Some countries have waited until the overnight rate was negative before considering QE, while others have turned to QE while cash rates are still positive. The US Federal Reserve turned to QE when the federal funds rate fell to a 0 per cent to 0.25 per cent range.
QE attempts to influence the economy in a number of ways. Central banks buy bonds using funds from balance sheet expansion. The sellers of government bonds receive cash, which they then spend – often on other assets.
This additional demand drives up the price of these other assets (whether they be equities or other fixed-income assets such as credit). Some of the cash may also flow into consumption spending. The central banks’ demand for bonds also drives down the interest rates on those bonds. This encourages funds to flow to areas promising higher returns.
Lower interest rates are also expected to generally lift asset prices, with the value of a given cash flow more valuable when interest rates are lower, and encourage consumption as the return from delaying spending falls.
Does it work?
QE has certainly had an impact on interest rates, as the case of Japan makes clear. In turn lower interest rates have impacted the value of other assets, such as equities, commercial property and housing.
Indeed, the impact on asset prices is often used as a criticism of QE, because the rise in asset prices is seen as benefiting some at the expense of others.
In terms of the broader macroeconomic impact of QE, or more specifically of the unconventional monetary policy employed in recent years, the BIS published the research paper Unconventional monetary policy tools: a cross-country analysis.
Dr Lowe is Chair of the committee that released the report. In the preface he notes the report concludes “on balance, (unconventional monetary policy) helped the central banks that used them address the circumstances presented by the crisis and the ensuing economic downturn.”
The overall message is that unconventional monetary policy tools (UMPT) helped the central banks that deployed them address the circumstances presented by the crisis and the ensuing economic downturns. Despite the challenges these instruments pose they are valuable additions to the central banking toolbox.
The assessment of central banks is UMPTs were effective in both these objectives - but they also have their limits. The effectiveness is significantly enhanced when deployed in the context of a strategy that encompasses other types of public policy, in addition to monetary policy, in order to mitigate their side effects and boost their effectiveness.
Often the discussion around the impact of QE and other UMPTs focuses on what has happened to interest rates, asset prices and so forth.
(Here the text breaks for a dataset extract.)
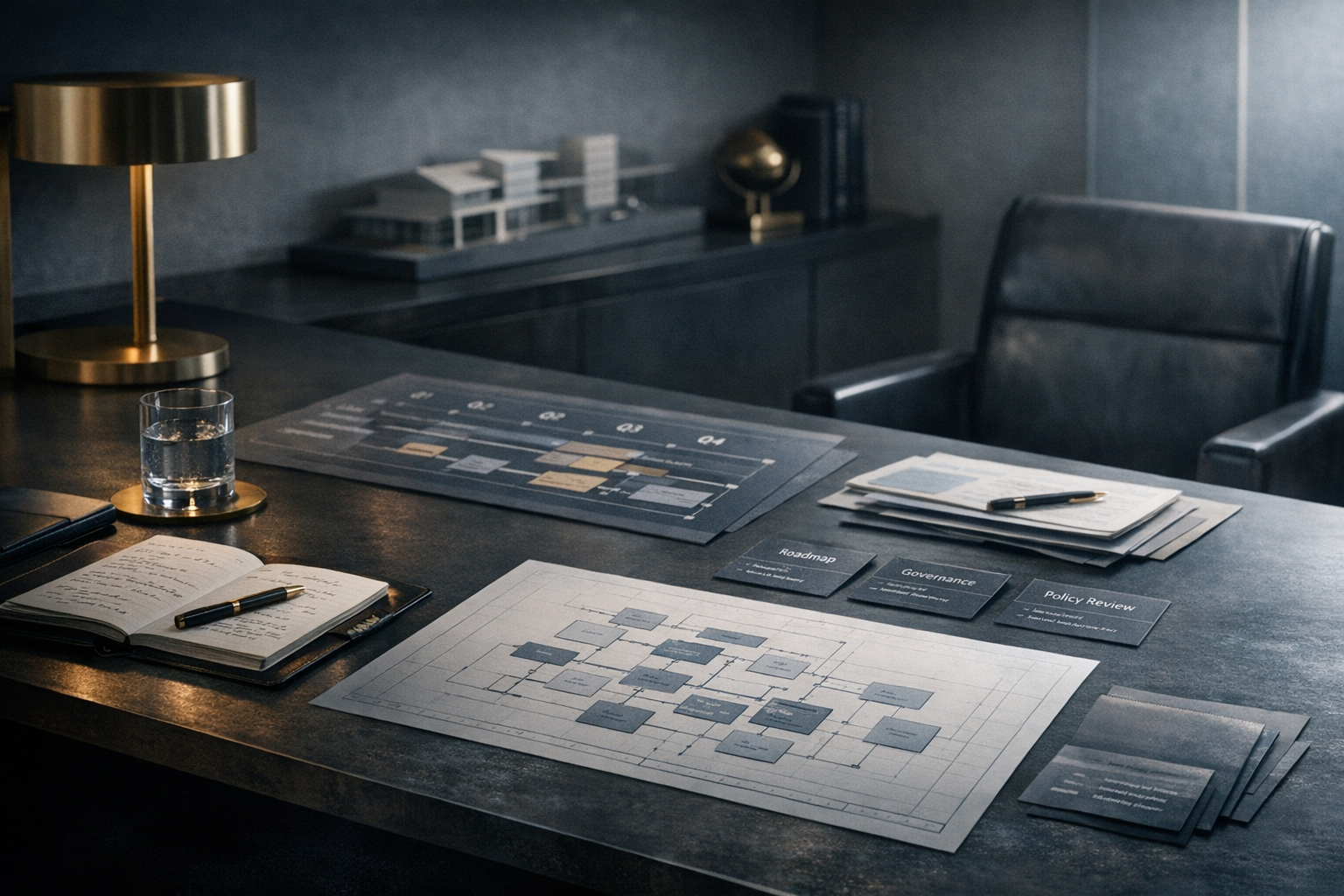 Systems thinking field notes with architecture sketches and decision maps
But it must be remembered that these are not an end in themselves.
It is the economic impacts of lower interest rates, a lower currency and higher asset prices that really matter. The conclusion of the research is these economic impacts are positive, i.e. growth is higher and unemployment lower than it would have been in the absence of these tools.
Some key lessons can be drawn from the international experience of QE. These include:
• the effectiveness of these measures depends upon the specific economic and financial conditions facing each economy at the time, as well as the structure of its financial system;
• the measures have been effective in cases where there had been severe dislocations impeding the supply of credit;
• QE has been successful in lowering government bond yields, which in turn lowers interest rates across the economy for private borrowers, since government bond yields are the risk-free rates underpinning all these interest rates;
• a package of measures that reinforce each other tends to be more effective than measures implemented in isolation; and
• it is important for central banks to communicate clearly and consistently about the unconventional measures when they are implemented.